If so, Michigan lawmakers are certainly in the lead.
While their state is home to the notorious Flint water contamination, while Detroit continues to resemble Middle Eastern war zones, Michigan lawmakers apparently care more about, inclusiveness or something in McDonald’s Happy Meals.
To be fair, it surprising that by 2018 there’s no gender-neutral Happy Meals, something that is honestly worthy of admiration on the part of McDonald’s corporate. We definitely need more gender stereotypes in today’s culture of gender insanity.
Michigan lawmakers not only disagree, but they apparently think it’s the business of the government to decide which cultural wave McDonald’s rides on.
As Detroit Free Press reports, 15 lawmakers have sponsored a resolution to denounce gender-specific kids’ meals.
“Often, the designated ‘boy toys’ are action figures or building toys; typically in primary colors, whereas ‘girl toys’ are often stuffed animals and are usually in a pastel color scheme,’’ the resolution states.

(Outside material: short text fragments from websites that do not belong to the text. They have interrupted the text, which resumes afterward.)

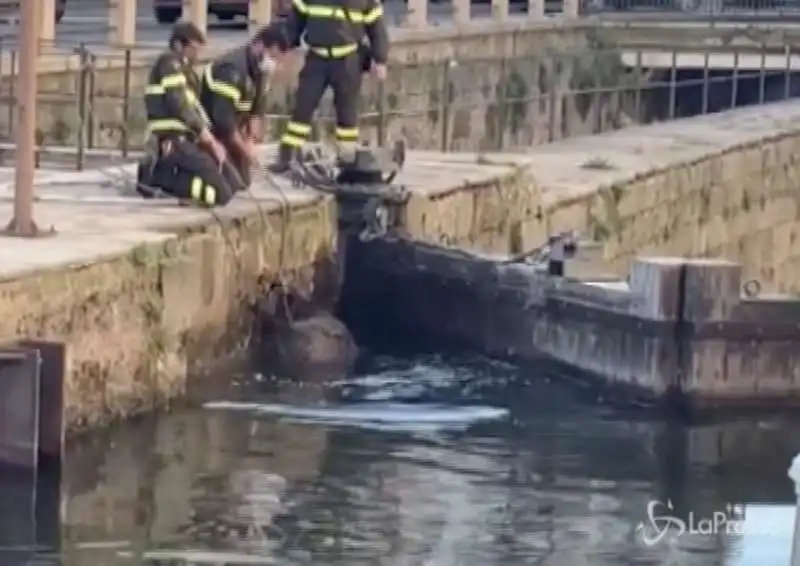 cinghiali nel naviglio a milano 2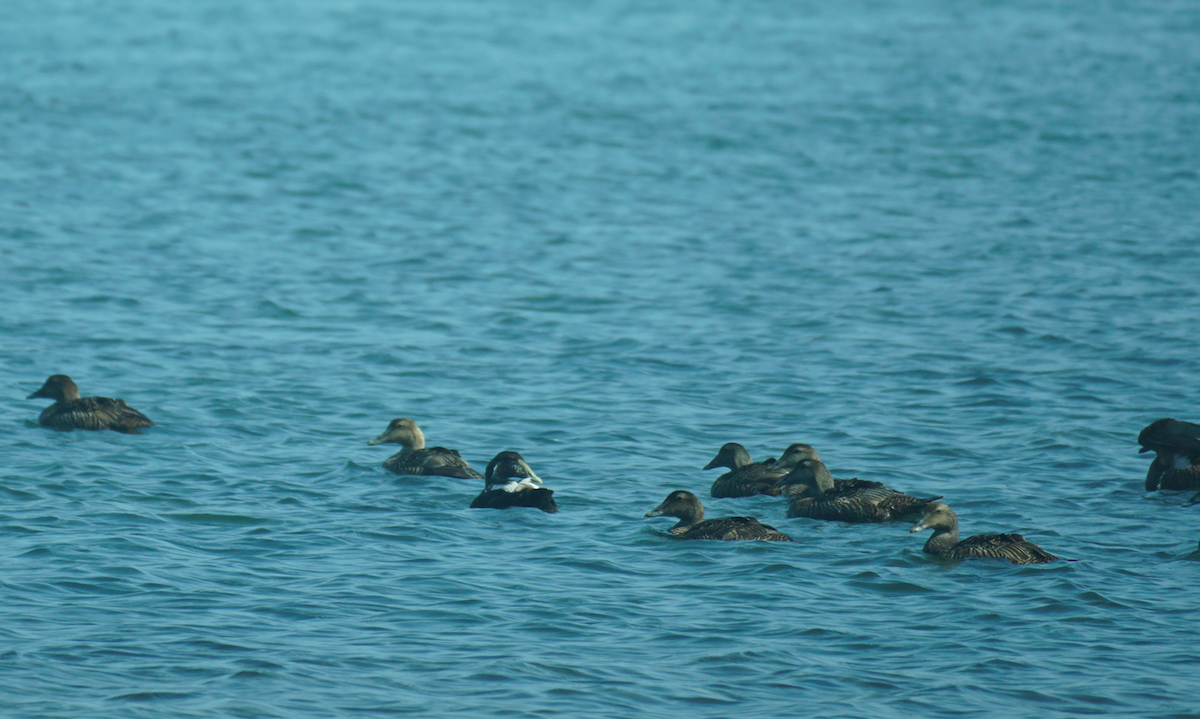 Common Eider - ML593171741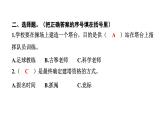 2024教科版科学六年级下册第一单元小小工程师3 建造塔台 作业课件ppt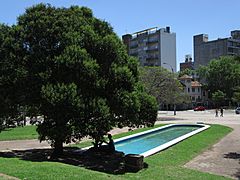 2016 fuente Parque Rodó Montevido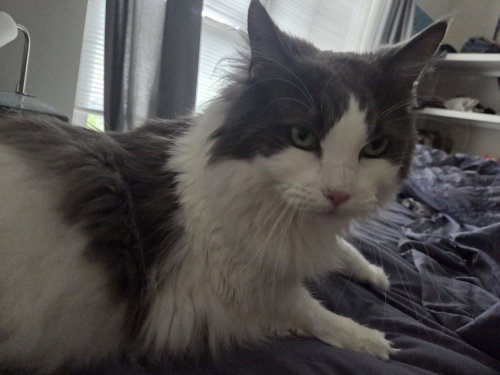 Cleo & Otis - BONDED, a cat for adoption from Fancy Cats Rescue Team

Gee, it’s almost as if the Happy Meals cater to what little boys and girls generally each enjoy.
“This is a significant issue as billions of these meals are sold every year and this practice can influence and limit children’s imaginations and interests by promoting some toys as only suitable for girls and others only for boys,” the resolution continues.
Really? In a state where children can’t get clean drinking water, you’re concerned about children’s interests being limited by the toy in their Happy Meal?
“Customers should simply be offered the choice of toy. Example: Would you like a Transformer or a My Little Pony,” the resolution suggests.
As long as my hazy memory of Happy Meals serves, customers can simply ask for which toy they’d like. It’s a fast food establishment, not the Hunger Games choosing ceremony.
Of all the issues facing our nation’s children, facing the slightly awkward situation of asking the 17-year-old behind the counter at McDonald’s for a My Little Pony for their son seems to be pretty far down on the list.